Mereka berdua kemudian beralih ke percakapan tentang bagaimana mereka bisa mulai menyelidiki. Adinda dengan cepat menyadari bahwa Edmund bukan sekedar orang yang memiliki nyali untuk menculik. Di balik semua kesalahan yang pernah dilakukannya, Edmund memiliki pengalaman dan keterampilan yang mungkin akan berguna dalam situasi ini.
Pengamatannya tajam, pikirannya cepat menangkap detail, dan dia mengerti bagaimana cara orang-orang berpikir terutama kaum orang-orang yang hidup di dunia gelap dan penuh dengan tipu muslihat.
“Pertama-tama, kita harus melihat semua kemungkinan siapa yang bisa saja ingin melakukannya,” kata Edmund.

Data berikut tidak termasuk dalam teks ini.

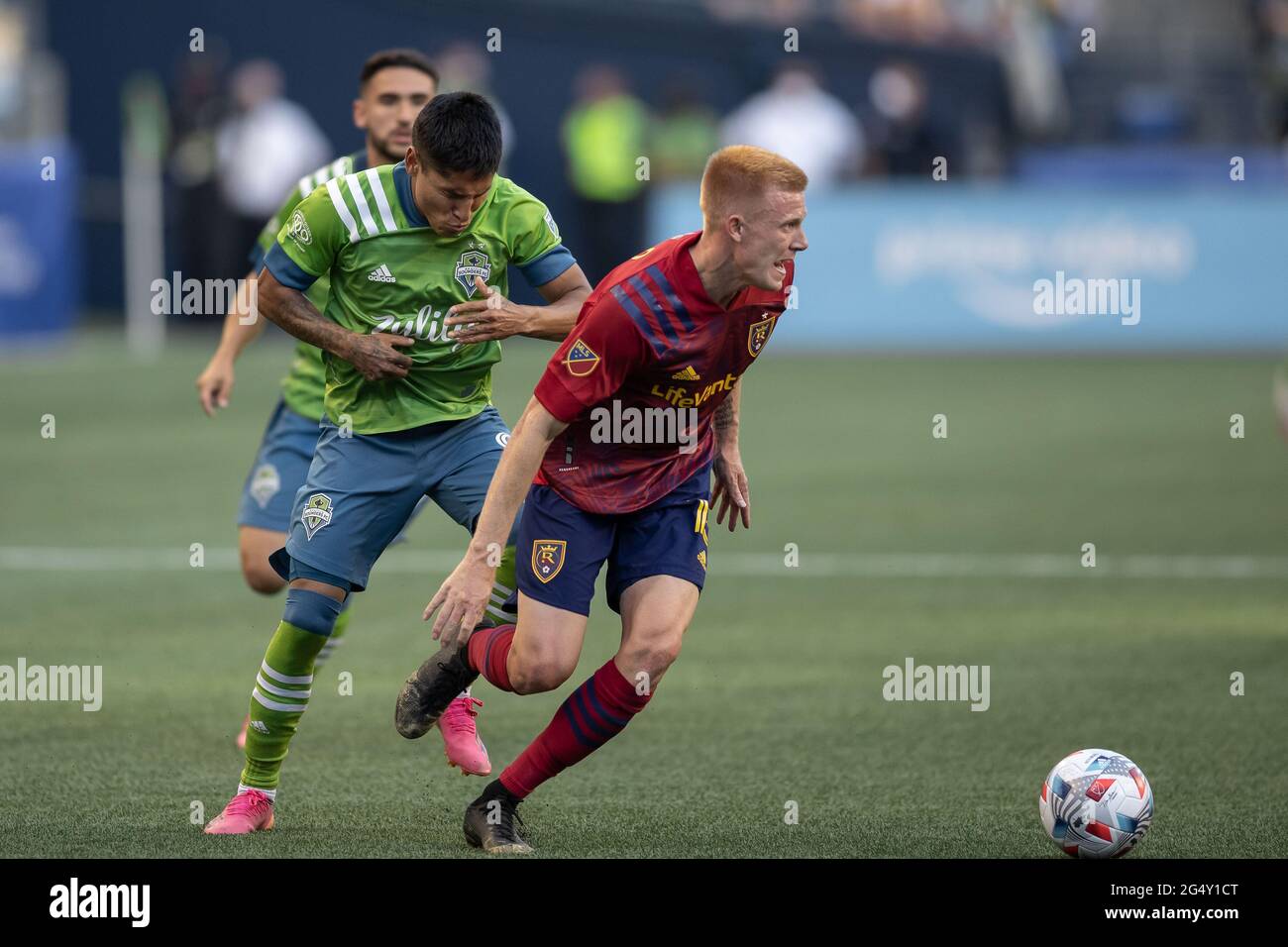 Seattle Sounders forward Raul Ruidiaz (9) reacts to an accidental shot to the face from Real Salt Lake defender Justen Glad (15) during the first half Stock Photo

“Apakah ada orang yang baru kau temui, seseorang yang tampaknya aneh atau mencurigakan?”
Adinda menggeleng.
“Tidak ada yang mencolok. Setelah insiden itu, aku menjalani hidup biasa saja. Tidak ada musuh, tidak ada masalah. Aku bisa dibilang hidup dengan normal.”
Edmund tampak merenung sejenak sebelum berkata, “Kadang-kadang, yang paling berbahaya adalah mereka yang kita anggap biasa. Mungkin seseorang di sekitarmu yang menyimpan dendam atau cemburu yang tidak kau sadari.”
Adinda terdiam, merenungkan kata-kata Edmund. Ia mencoba mengingat kembali semua peristiwa yang mungkin menjadi pemicu masalah ini, tapi tidak ada yang menonjol. Semuanya terasa seperti teka-teki yang belum terpecahkan.
“Bagaimana dengan keluargamu? Teman-temanmu? Apakah ada sesuatu yang terjadi pada mereka akhir-akhir ini?” Edmund bertanya lagi, suaranya terdengar lebih tegas.
“Tidak, sejauh yang aku tahu, tidak ada apa-apa,” lanjut gadis itu lagi meskipun nadanya terdengar tidak cukup yakin.
Edmund mengangguk pelan, mencatat dalam pikirannya semua informasi yang diberikan Adinda.